In some examples of the first aspect, one or more of the following may be true: the input waveguide and the photodiode material of the photodiode component do not overlap; the input waveguide is not optically coupled to the photodiode material of the photodiode component; and the input waveguide does not input light to the photodiode material of the photodiode component.

In some examples of the first aspect, the photodiode material has a higher index of refraction than the optical coupling waveguide.

In some examples of the first aspect, one or more of the following may apply: the input waveguide is tapered, narrowing along a longitudinal axis, and along the optical coupling waveguide; and the input waveguide has an effective index of refraction that decreases along the longitudinal axis, and along the optical coupling waveguide.

In some examples of the first aspect, one or more of the following may apply: the optical coupling waveguide is tapered, narrowing along a longitudinal axis, and along the photodiode material; and the optical coupling waveguide has an effective index of refraction that decreases along the longitudinal axis, and along the photodiode material.
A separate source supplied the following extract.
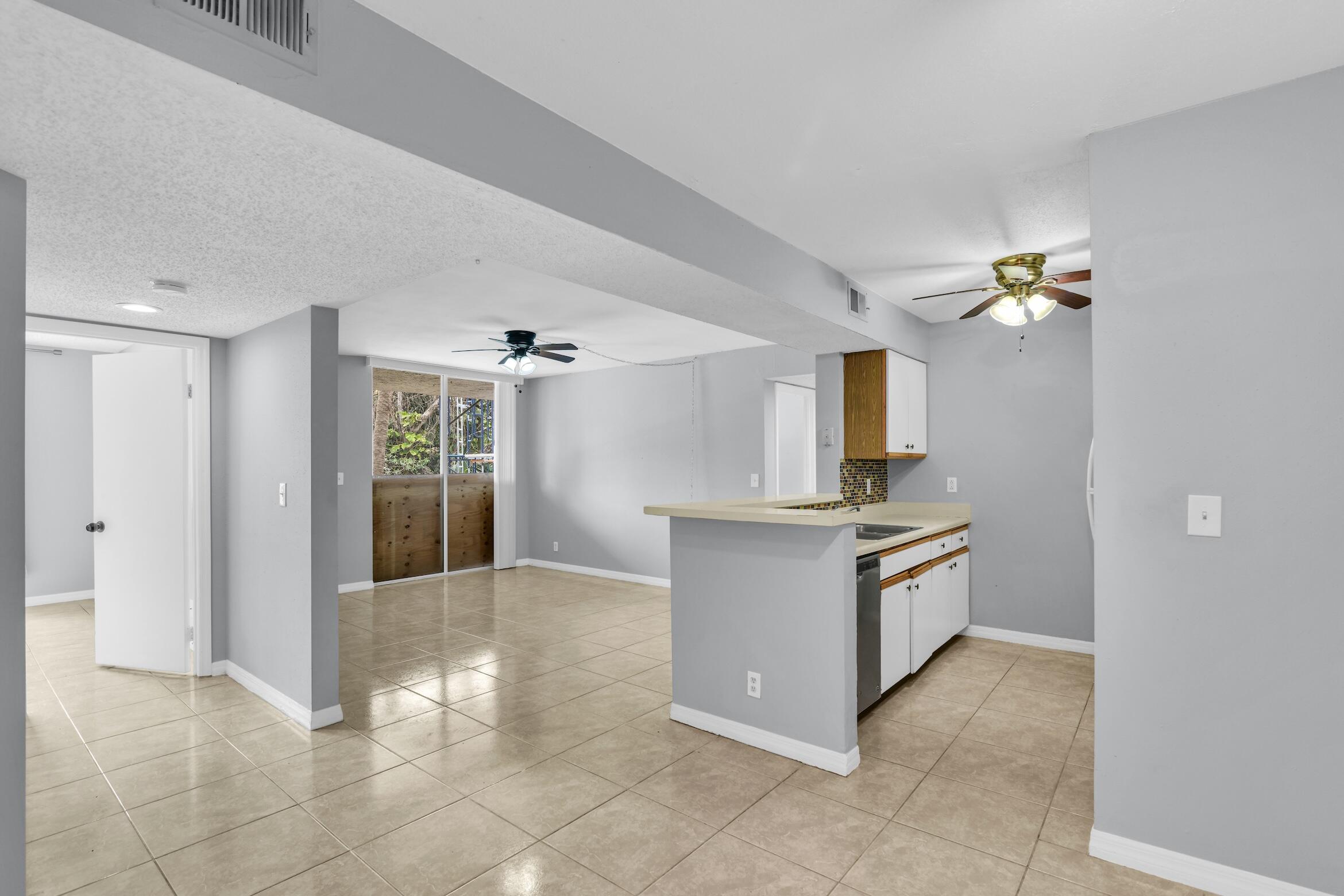 WINDWARD LAKES CONDO - Residential Lease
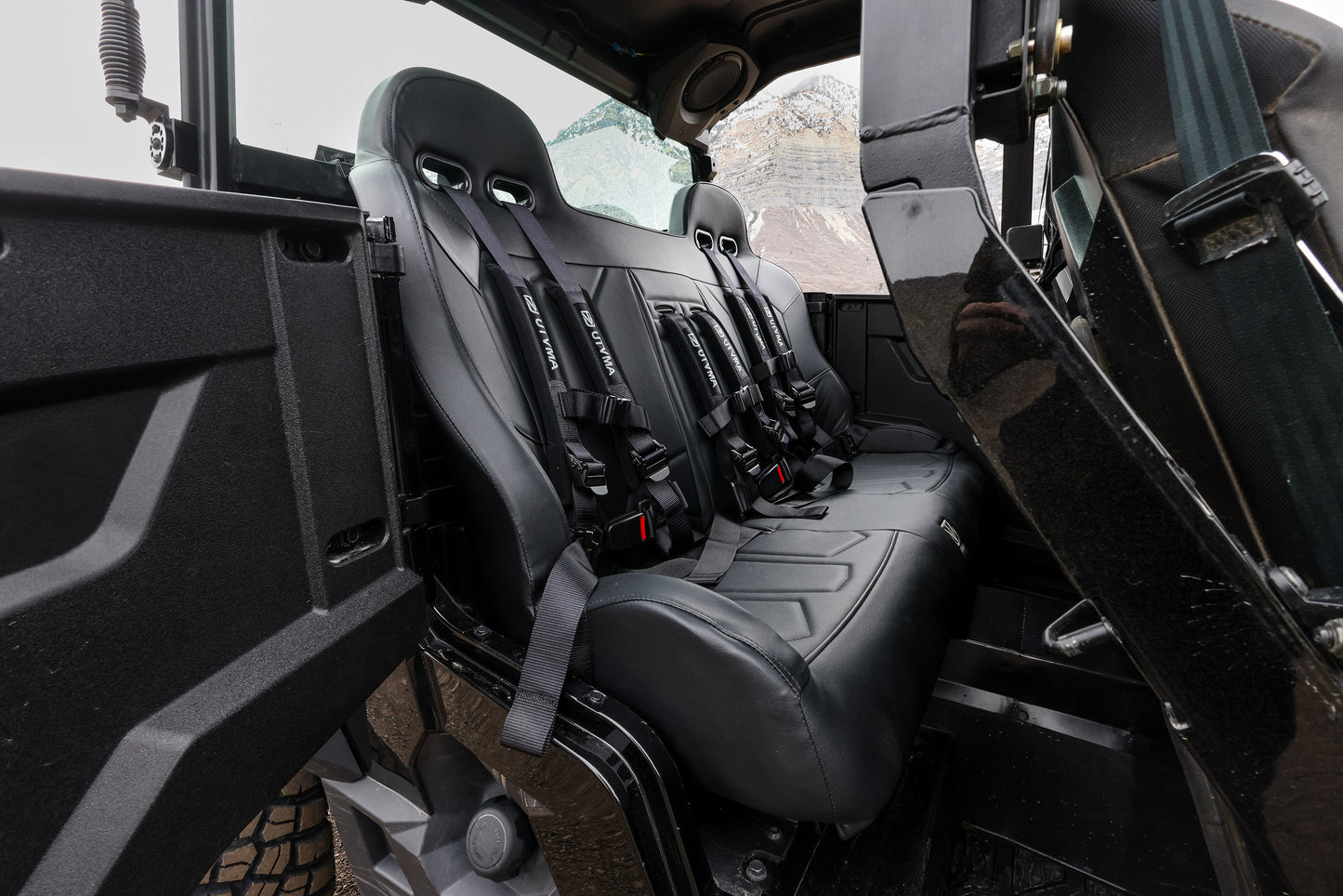 General 1000 Rear Bench Seat W Harnesses (2017-2025)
In some examples of the first aspect, one or more of the following may apply: the photodiode material is tapered, widening along a longitudinal axis, and along the optical coupling waveguide; and the photodiode material has an effective index of refraction that increases along the longitudinal axis, and along the optical coupling waveguide.

In some examples of the first aspect, one or more of the following may apply: the input waveguide is tapered, narrowing along a longitudinal axis, and along the optical coupling waveguide; the optical coupling waveguide is tapered, narrowing along the longitudinal axis, and along the photodiode material; and the photodiode material is tapered, widening along the longitudinal axis, and along the optical coupling waveguide.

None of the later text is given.